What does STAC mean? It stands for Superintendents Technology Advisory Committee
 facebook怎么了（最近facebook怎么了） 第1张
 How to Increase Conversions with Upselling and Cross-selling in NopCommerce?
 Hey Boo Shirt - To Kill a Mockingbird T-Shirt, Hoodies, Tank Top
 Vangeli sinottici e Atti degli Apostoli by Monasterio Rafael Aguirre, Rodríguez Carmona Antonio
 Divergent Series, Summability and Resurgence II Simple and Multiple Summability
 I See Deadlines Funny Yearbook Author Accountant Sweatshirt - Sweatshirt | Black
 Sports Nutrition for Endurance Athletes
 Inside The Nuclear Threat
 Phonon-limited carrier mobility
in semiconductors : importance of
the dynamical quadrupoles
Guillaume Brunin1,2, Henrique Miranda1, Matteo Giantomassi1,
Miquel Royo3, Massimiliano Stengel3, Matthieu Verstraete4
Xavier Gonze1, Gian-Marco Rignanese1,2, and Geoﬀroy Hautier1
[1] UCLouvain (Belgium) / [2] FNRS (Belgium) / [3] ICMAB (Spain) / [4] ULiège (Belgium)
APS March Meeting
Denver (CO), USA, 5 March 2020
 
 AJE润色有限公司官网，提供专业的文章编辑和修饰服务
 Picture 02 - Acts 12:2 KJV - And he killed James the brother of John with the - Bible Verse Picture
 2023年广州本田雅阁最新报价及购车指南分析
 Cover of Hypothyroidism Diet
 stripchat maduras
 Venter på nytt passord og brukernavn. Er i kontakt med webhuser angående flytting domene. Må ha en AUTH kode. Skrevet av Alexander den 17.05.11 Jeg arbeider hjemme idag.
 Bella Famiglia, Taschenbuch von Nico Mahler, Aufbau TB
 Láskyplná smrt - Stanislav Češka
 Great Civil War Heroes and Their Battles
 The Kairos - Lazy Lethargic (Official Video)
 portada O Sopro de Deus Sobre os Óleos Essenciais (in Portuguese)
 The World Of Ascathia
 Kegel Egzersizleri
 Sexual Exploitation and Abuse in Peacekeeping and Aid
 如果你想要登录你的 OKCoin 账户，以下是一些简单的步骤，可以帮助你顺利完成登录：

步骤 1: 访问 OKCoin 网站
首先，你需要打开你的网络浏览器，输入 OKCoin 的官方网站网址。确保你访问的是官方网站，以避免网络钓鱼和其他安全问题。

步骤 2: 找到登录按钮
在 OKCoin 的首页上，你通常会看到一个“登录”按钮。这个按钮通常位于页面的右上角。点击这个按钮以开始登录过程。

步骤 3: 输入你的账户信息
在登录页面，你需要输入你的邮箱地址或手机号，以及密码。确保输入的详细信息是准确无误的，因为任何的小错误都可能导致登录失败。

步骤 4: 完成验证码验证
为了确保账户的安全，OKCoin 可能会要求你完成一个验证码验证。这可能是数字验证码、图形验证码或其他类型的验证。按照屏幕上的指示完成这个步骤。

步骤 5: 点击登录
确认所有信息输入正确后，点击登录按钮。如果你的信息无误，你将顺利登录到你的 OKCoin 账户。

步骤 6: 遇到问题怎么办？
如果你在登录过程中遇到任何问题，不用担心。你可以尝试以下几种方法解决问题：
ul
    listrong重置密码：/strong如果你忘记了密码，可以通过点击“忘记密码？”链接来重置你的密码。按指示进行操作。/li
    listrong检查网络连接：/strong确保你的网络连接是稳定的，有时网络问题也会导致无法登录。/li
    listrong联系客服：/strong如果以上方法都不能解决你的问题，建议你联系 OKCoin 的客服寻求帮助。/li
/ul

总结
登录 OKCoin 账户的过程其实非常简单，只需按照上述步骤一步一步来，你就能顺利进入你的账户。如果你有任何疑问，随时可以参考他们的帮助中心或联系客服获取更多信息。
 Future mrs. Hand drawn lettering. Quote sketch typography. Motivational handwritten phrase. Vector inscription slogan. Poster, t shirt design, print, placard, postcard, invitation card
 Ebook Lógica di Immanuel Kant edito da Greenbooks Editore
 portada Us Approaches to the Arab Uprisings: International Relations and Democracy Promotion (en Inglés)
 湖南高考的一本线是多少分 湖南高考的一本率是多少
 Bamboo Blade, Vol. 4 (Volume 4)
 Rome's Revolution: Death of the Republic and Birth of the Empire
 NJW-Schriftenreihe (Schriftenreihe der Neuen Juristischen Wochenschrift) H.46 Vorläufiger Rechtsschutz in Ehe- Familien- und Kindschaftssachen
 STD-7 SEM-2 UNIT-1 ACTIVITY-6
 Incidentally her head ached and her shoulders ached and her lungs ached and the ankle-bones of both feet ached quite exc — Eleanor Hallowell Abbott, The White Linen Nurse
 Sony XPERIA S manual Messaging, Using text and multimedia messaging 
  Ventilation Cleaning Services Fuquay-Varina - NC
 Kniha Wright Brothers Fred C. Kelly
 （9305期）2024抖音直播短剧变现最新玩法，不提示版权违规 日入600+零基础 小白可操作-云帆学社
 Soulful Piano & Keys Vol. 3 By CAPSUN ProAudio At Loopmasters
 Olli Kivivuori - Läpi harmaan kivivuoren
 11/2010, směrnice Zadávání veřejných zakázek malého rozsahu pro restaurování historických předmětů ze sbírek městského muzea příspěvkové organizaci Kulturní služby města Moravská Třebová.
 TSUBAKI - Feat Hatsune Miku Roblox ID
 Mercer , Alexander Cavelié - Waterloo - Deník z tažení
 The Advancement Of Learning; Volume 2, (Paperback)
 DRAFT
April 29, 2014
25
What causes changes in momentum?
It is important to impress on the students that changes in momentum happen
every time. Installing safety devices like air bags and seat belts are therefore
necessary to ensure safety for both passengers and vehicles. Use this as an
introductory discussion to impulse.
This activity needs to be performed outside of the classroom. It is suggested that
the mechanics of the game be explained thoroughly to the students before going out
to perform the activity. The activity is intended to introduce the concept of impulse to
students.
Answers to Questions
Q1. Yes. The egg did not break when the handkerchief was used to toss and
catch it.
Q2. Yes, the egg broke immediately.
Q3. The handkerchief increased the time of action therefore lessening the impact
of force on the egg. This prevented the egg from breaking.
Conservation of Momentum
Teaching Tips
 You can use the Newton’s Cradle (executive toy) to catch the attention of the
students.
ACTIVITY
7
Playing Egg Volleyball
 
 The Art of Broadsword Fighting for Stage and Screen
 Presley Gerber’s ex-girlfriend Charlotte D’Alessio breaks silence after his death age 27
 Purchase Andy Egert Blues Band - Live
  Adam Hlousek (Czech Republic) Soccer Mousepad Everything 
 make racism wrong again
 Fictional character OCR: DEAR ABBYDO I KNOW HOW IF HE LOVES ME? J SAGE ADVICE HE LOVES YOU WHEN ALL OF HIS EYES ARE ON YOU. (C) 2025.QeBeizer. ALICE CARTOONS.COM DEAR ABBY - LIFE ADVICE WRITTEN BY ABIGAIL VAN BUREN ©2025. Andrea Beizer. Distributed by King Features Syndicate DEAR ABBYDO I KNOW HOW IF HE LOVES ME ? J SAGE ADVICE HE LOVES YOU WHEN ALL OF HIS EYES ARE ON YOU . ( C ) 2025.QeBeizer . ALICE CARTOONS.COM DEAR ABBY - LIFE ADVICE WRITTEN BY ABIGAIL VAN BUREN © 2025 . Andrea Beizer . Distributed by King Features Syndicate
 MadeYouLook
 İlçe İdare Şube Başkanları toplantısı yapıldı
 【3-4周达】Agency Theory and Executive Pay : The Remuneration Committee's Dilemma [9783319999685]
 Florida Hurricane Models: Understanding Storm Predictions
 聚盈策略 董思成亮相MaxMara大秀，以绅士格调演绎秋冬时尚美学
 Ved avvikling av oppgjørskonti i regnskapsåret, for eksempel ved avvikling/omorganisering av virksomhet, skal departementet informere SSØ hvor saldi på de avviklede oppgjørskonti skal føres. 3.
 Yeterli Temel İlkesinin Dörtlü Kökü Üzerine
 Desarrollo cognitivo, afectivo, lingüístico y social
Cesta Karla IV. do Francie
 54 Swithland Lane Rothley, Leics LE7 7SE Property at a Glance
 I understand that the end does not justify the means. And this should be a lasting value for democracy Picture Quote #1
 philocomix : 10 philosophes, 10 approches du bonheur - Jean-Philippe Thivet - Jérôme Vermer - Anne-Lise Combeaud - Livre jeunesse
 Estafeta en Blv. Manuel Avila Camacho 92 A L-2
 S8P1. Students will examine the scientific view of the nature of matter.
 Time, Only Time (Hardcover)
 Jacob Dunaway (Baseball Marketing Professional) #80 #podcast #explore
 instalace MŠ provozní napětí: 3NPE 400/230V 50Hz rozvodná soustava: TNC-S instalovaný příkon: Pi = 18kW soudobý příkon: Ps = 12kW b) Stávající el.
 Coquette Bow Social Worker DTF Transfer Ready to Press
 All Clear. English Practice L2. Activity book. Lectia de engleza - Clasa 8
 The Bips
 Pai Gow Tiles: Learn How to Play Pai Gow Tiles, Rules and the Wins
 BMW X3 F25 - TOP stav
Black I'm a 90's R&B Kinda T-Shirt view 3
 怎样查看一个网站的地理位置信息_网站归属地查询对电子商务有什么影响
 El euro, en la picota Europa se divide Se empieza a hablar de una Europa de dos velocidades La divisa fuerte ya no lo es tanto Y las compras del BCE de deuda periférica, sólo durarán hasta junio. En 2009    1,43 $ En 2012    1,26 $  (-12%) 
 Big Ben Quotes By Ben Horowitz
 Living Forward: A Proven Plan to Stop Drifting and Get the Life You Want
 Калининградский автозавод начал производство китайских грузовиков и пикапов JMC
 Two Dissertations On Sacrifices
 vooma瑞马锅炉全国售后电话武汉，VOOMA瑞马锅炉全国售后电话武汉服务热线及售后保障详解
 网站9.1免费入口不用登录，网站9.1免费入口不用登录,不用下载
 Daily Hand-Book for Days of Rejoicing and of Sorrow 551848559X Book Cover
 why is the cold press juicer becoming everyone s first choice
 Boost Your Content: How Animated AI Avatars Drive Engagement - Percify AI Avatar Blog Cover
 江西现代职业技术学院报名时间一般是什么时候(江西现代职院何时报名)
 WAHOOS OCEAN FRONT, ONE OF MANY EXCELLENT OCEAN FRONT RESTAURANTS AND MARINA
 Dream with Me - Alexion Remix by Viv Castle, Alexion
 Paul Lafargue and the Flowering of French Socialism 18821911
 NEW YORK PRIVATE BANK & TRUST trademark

++++++

## [Problem statement]
From the material above, copy exactly the lines between the line holding "The Advancement Of" and the line holding "Answers to Questions", inclusive, and only those.

## [Task result]
 The Advancement Of Learning; Volume 2, (Paperback)
 DRAFT
April 29, 2014
25
What causes changes in momentum?
It is important to impress on the students that changes in momentum happen
every time. Installing safety devices like air bags and seat belts are therefore
necessary to ensure safety for both passengers and vehicles. Use this as an
introductory discussion to impulse.
This activity needs to be performed outside of the classroom. It is suggested that
the mechanics of the game be explained thoroughly to the students before going out
to perform the activity. The activity is intended to introduce the concept of impulse to
students.
Answers to Questions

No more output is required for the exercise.